#### Exercise aim:
From the first line to the last, give the material again exactly, without the images.
▶
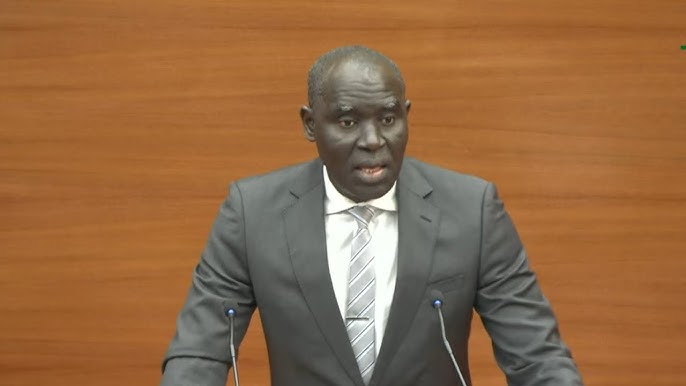 TAFSIR THIOYE A l'HEMICYCLE : "Amadou Ba a déposé une proposition, puis est revenu pour l’amender, la preuve que...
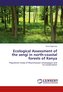 Ecological Assessment of the sengi in north-coastal forests of Kenya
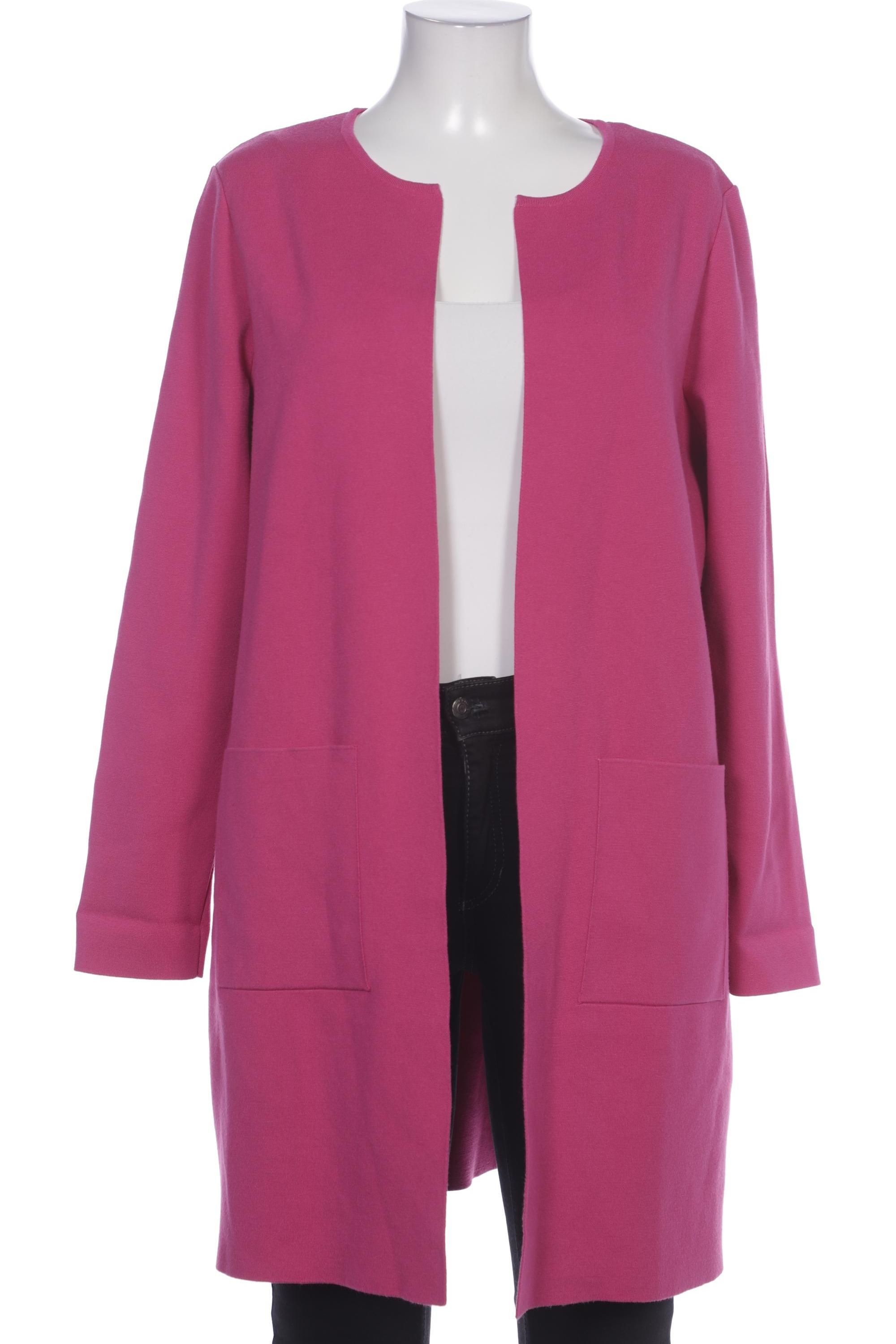 

Maerz Damen Strickjacke, pink, Gr. 42
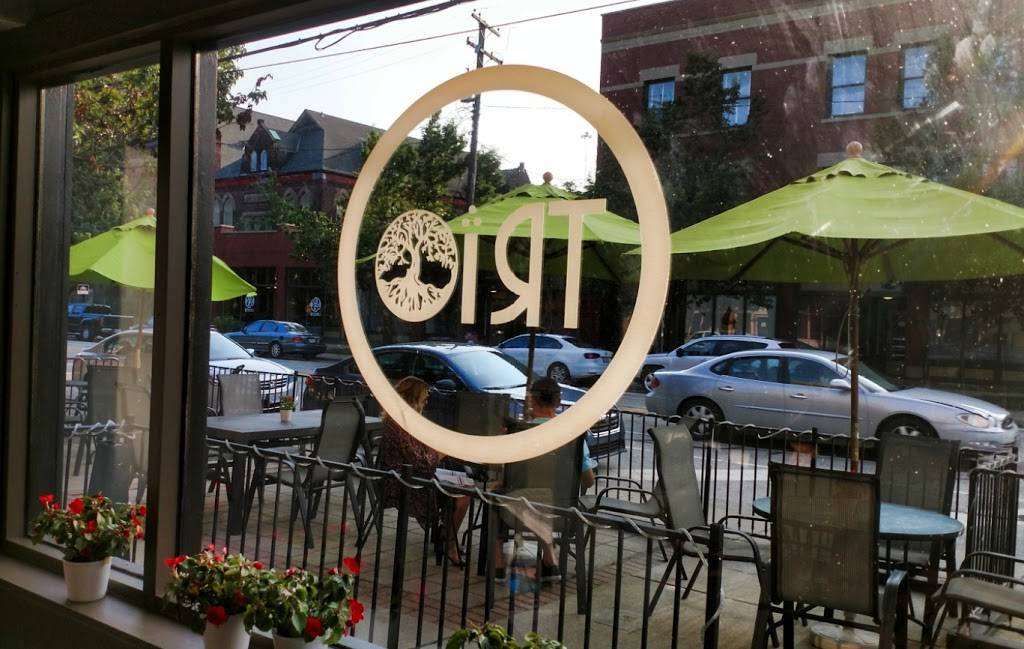 Trio | restaurant | 2661 W 14th St, Cleveland, OH 44113, USA | 2169527035 OR +1 216-952-7035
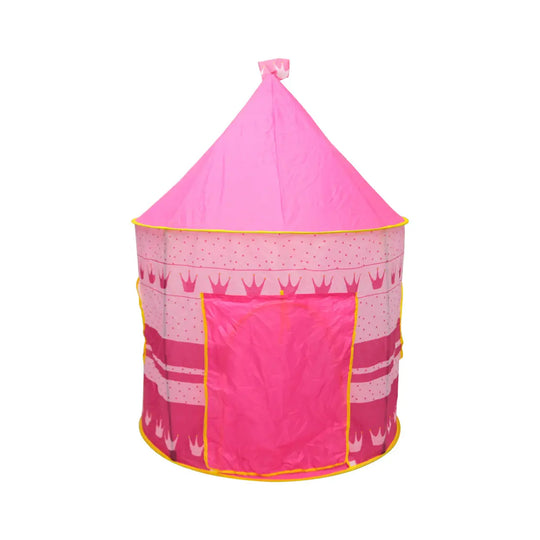 Fantasy Castle Tent Playhouse - Pink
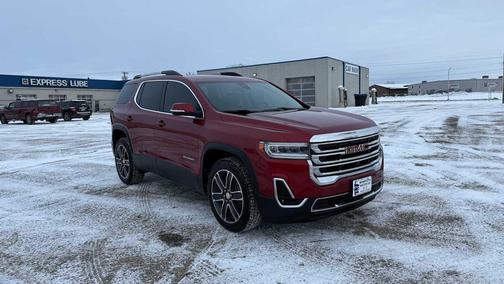 2020 GMC Acadia SLT
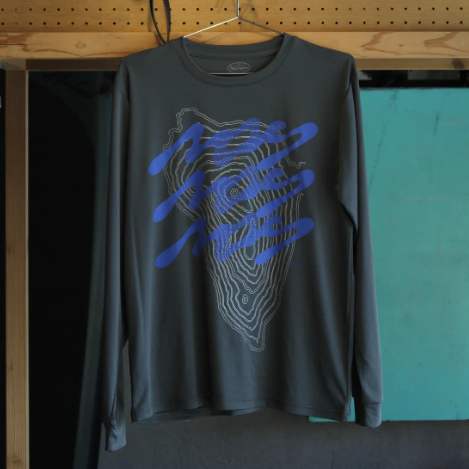 Narrative Originals / NOS L/S Polyester Tee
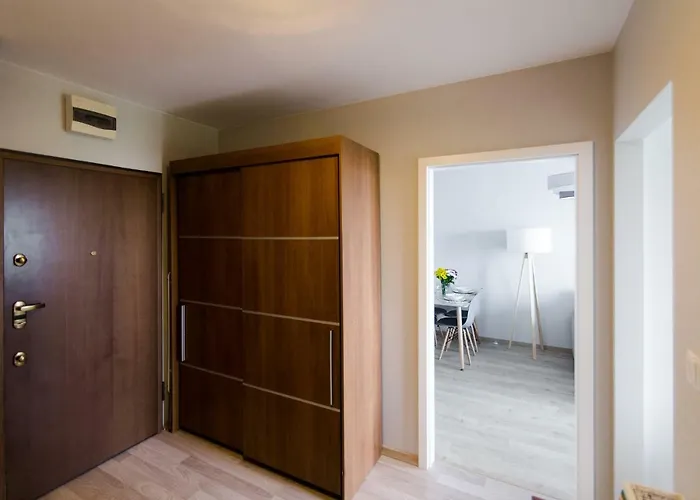 Kromera Od Wroclawapartament-pl Apartment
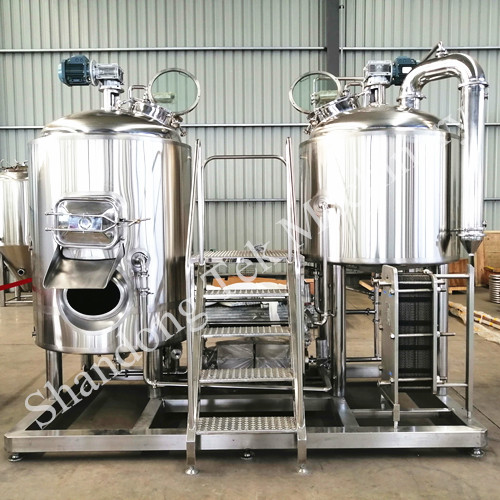 7BBL Combined Micro Brewing System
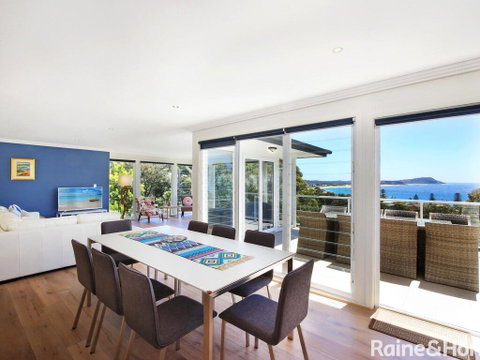 Ocean Breeze - 41 Kurrawyba Avenue, Terrigal - Accommodation NSW 1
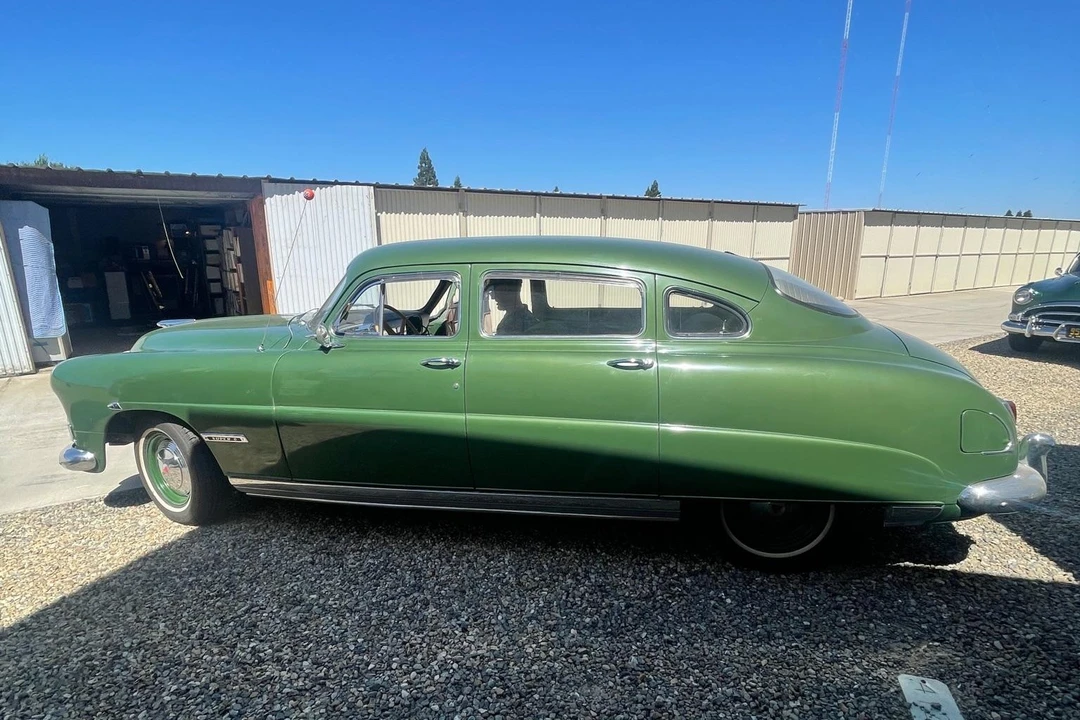 1951 Hudson Super Six - Image 7 of 31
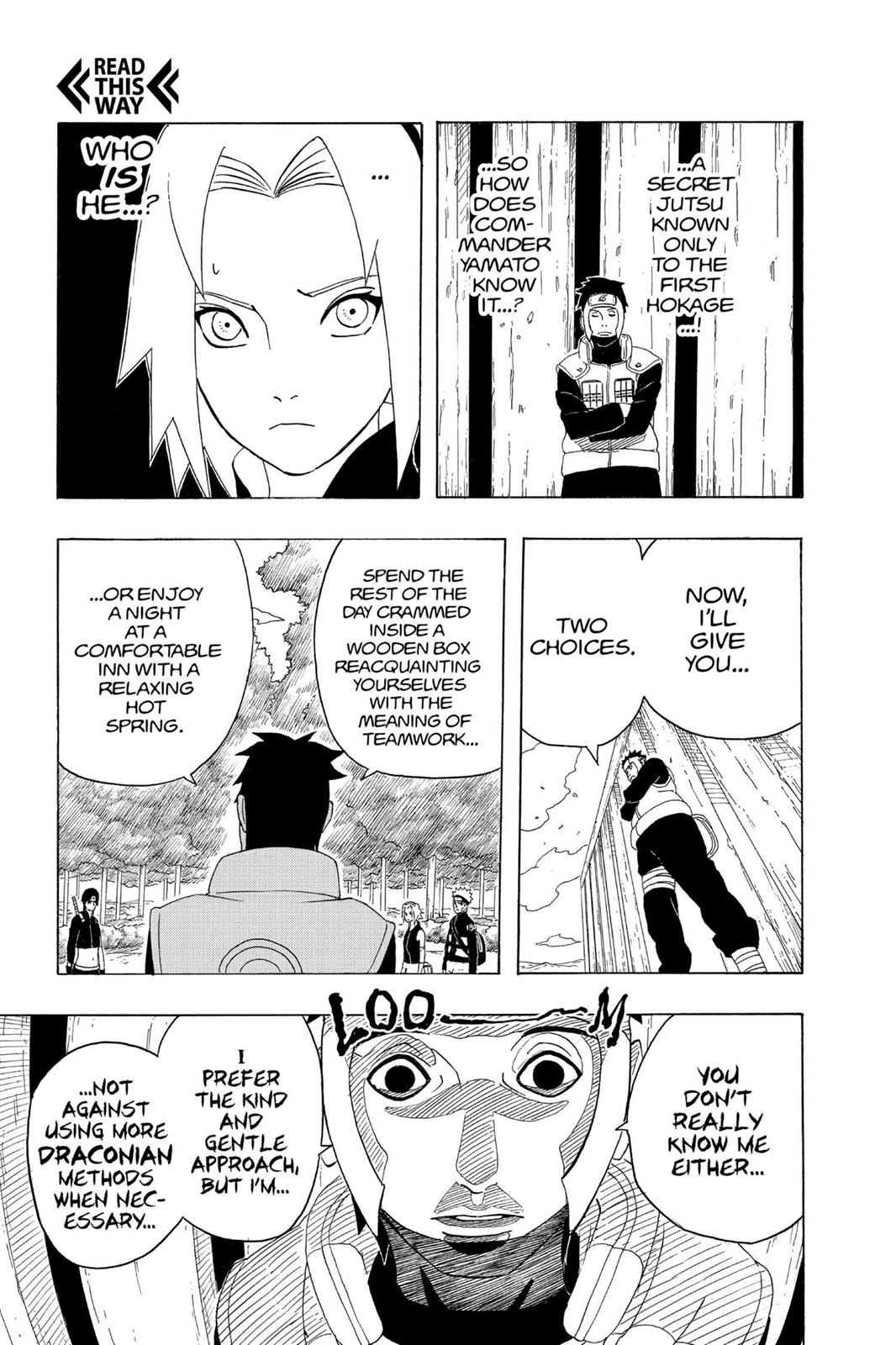 Naruto Chapter 286 - Page 13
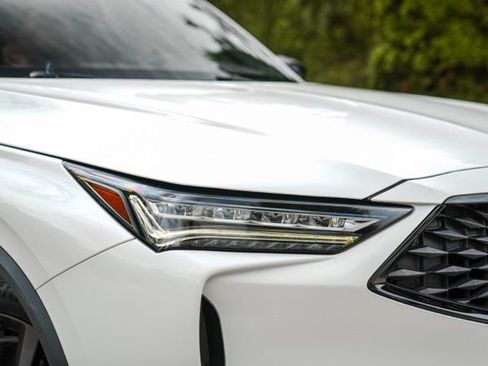 Used 2023 Acura MDX A-Spec AWD/4WD image 8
◀
#### Result below:
 TAFSIR THIOYE A l'HEMICYCLE : "Amadou Ba a déposé une proposition, puis est revenu pour l’amender, la preuve que...
 Ecological Assessment of the sengi in north-coastal forests of Kenya

Maerz Damen Strickjacke, pink, Gr. 42
 Trio | restaurant | 2661 W 14th St, Cleveland, OH 44113, USA | 2169527035 OR +1 216-952-7035
 Fantasy Castle Tent Playhouse - Pink
 2020 GMC Acadia SLT
 Narrative Originals / NOS L/S Polyester Tee
 Kromera Od Wroclawapartament-pl Apartment
 7BBL Combined Micro Brewing System
 Ocean Breeze - 41 Kurrawyba Avenue, Terrigal - Accommodation NSW 1
 1951 Hudson Super Six - Image 7 of 31
 Naruto Chapter 286 - Page 13
 Used 2023 Acura MDX A-Spec AWD/4WD image 8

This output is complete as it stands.